To illustrate, let’s look back at an era of US history, in which, in the latter stages, Kissinger was a key player.

Beginning in the 1960s, first under President John Kennedy, then under President Lyndon Johnson, the US became increasingly engaged in the fighting in Vietnam. The American effort to thwart communism might have been, as Ronald Reagan later said in 1980, a “noble cause,” but at the time, it was a deeply unpopular cause. By the November 1968 US presidential elections, after the death of more than 35,000 Americans in the fighting, the American people had turned against the war. And so a new man, Richard Nixon, was elected that year. His pledge was peace, but also, he declared, it would be “peace with honor.”

Taking office in early 1969, Nixon and his top diplomat, Kissinger, had the challenge of sorting through their options.

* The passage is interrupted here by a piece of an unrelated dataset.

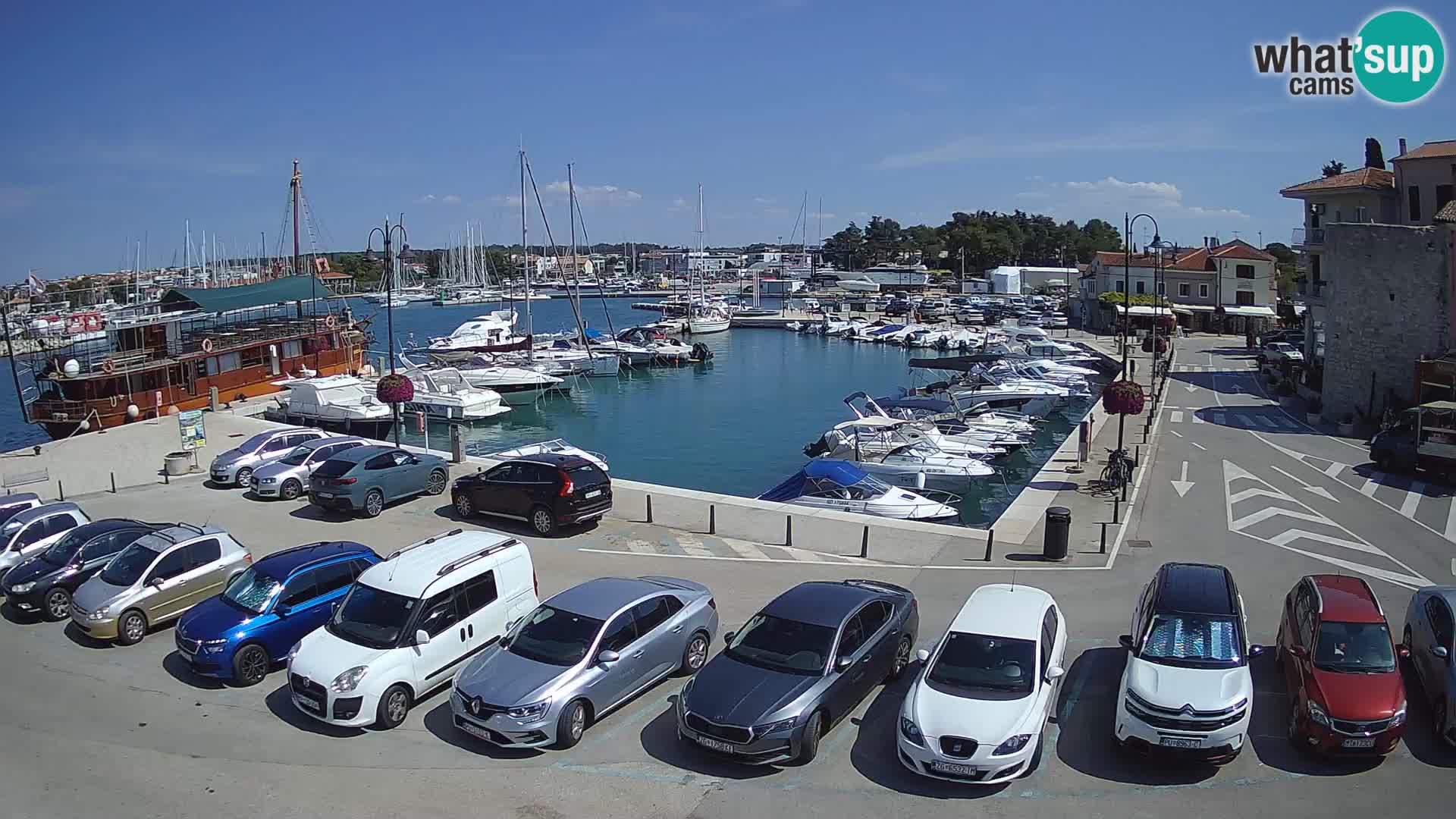 Novigrad | Porporela marina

In the short run, the options weren’t good—we were losing up to 500 KIAs a week in the jungle fighting.

One major factor was immediately evident to Nixon and Kissinger: There could be no victory, or even honorable peace, in South Vietnam, so long as the enemy invaders in the South could be resupplied from the North, and so long as the North could be resupplied by two fellow communist states, the People’s Republic China and the Soviet Union.

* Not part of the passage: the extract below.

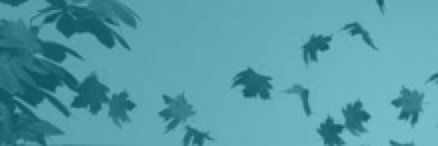 AzamLeslie's profile banner image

That is, so long as the Hanoi government had the physical, diplomatic, and moral support of those two superpowers—China, an adjoining country, and the USSR, just beyond China—it could not lose, and so it would not stop fighting.

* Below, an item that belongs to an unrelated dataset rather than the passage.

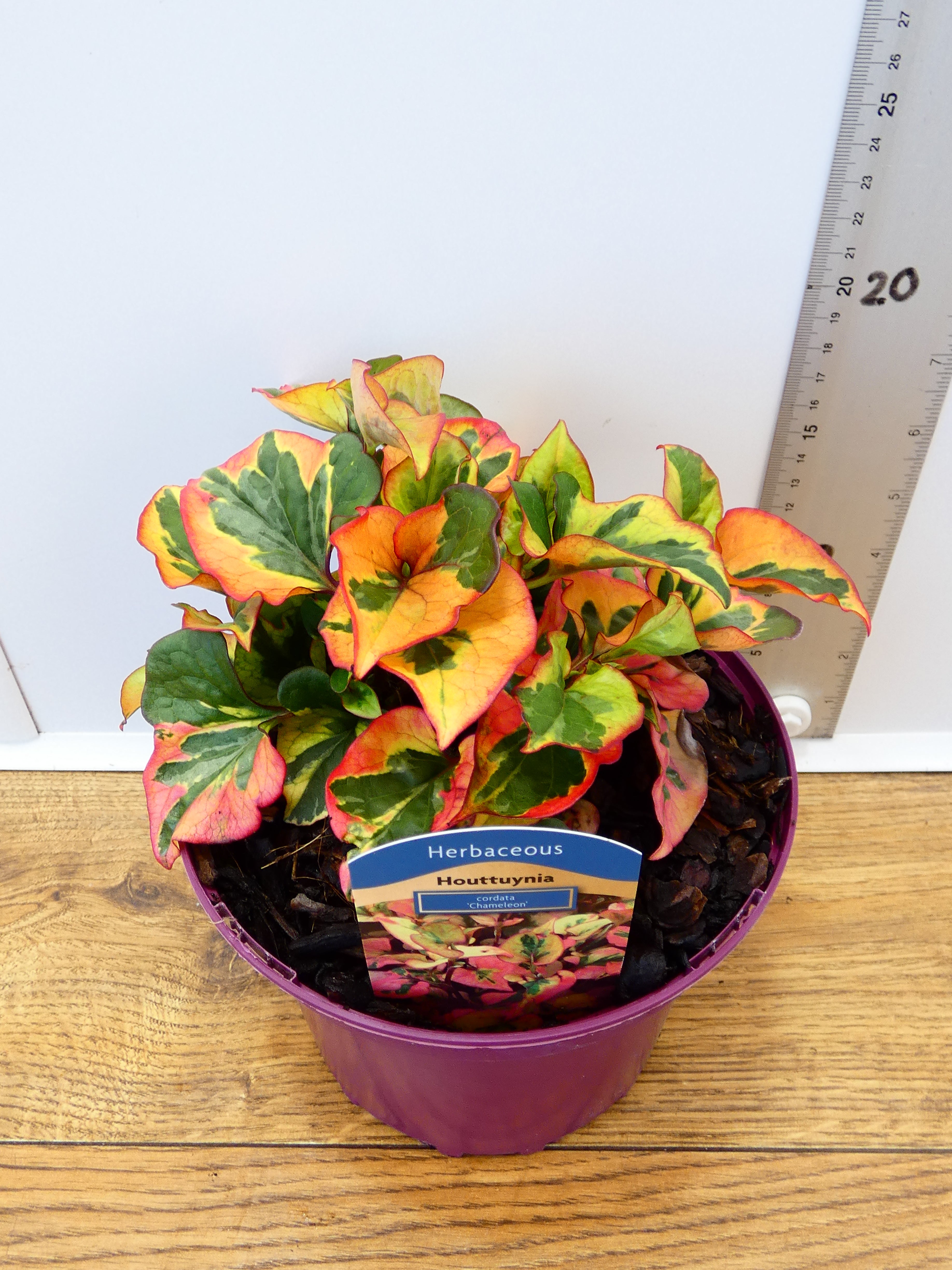 Houttuynia cordata 'Chameleon' (2ltr)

Indeed, it was the presence of many Russian and Chinese technicians in certain areas, such as the capital city of Hanoi and the major port of Haiphong, that made those targets off-limits to US airstrikes: We didn’t want to kill a lot of Russians or Chinese.

In addition, of course, the idea of going to the root of the problem—that is, a ground invasion of North Vietnam—was never seriously considered. The argument to US war planners was simple: We don’t want to kill Chinese or Russians, because we don’t want to let the fighting escalate into World War Three.

Only later did we receive confirmation of what many had suspected, that Chinese and Russian personnel were more than technicians, but were, in fact, serving as combatants in the fighting—that is, actively killing Americans. Yet even if we had known that at the time, it’s unlikely that the limits on US power would have changed; Vietnam was intended as a limited war with limited objectives. Yes, unfortunately, the war became really expensive, in terms of blood and treasure, but that’s often the case in war—one or more of the warring parties miscalculates.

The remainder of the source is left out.